■ **TO DO**:
Repeat the entire listing exactly. Omit all pictures.

■ **INFORMATION SHOWN**:
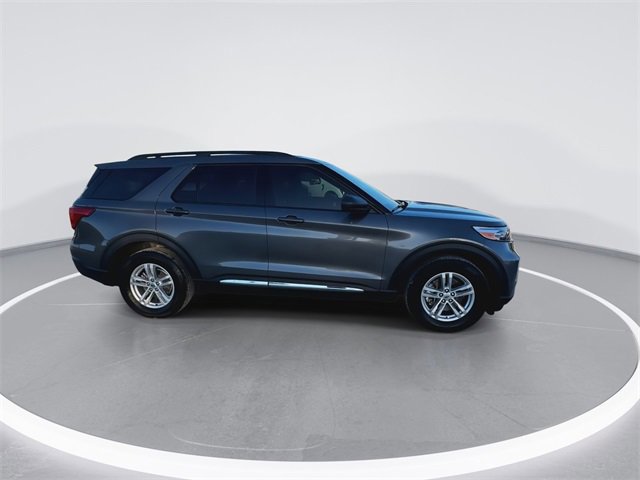 Certified 2023 Ford Explorer XLT image 4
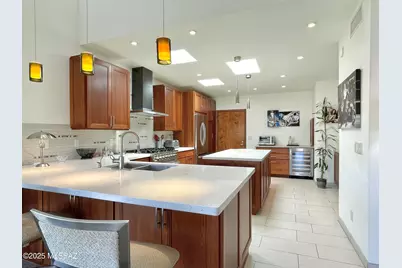 1979 E Campbell Terrace, Tucson, AZ 85718 - Photo 10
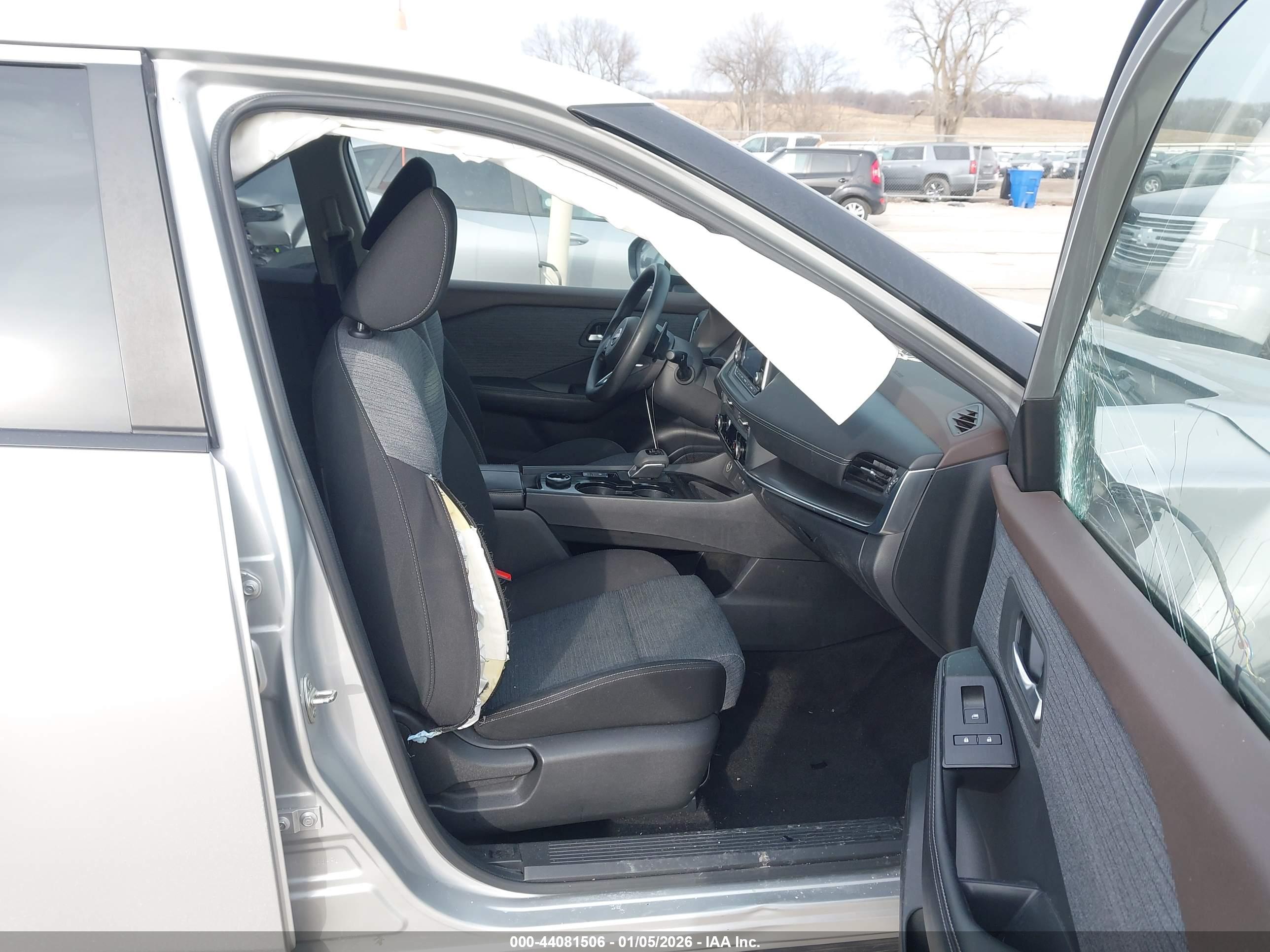 NISSAN ROGUE image 5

■ **REPLY**:
 Certified 2023 Ford Explorer XLT image 4
 1979 E Campbell Terrace, Tucson, AZ 85718 - Photo 10
 NISSAN ROGUE image 5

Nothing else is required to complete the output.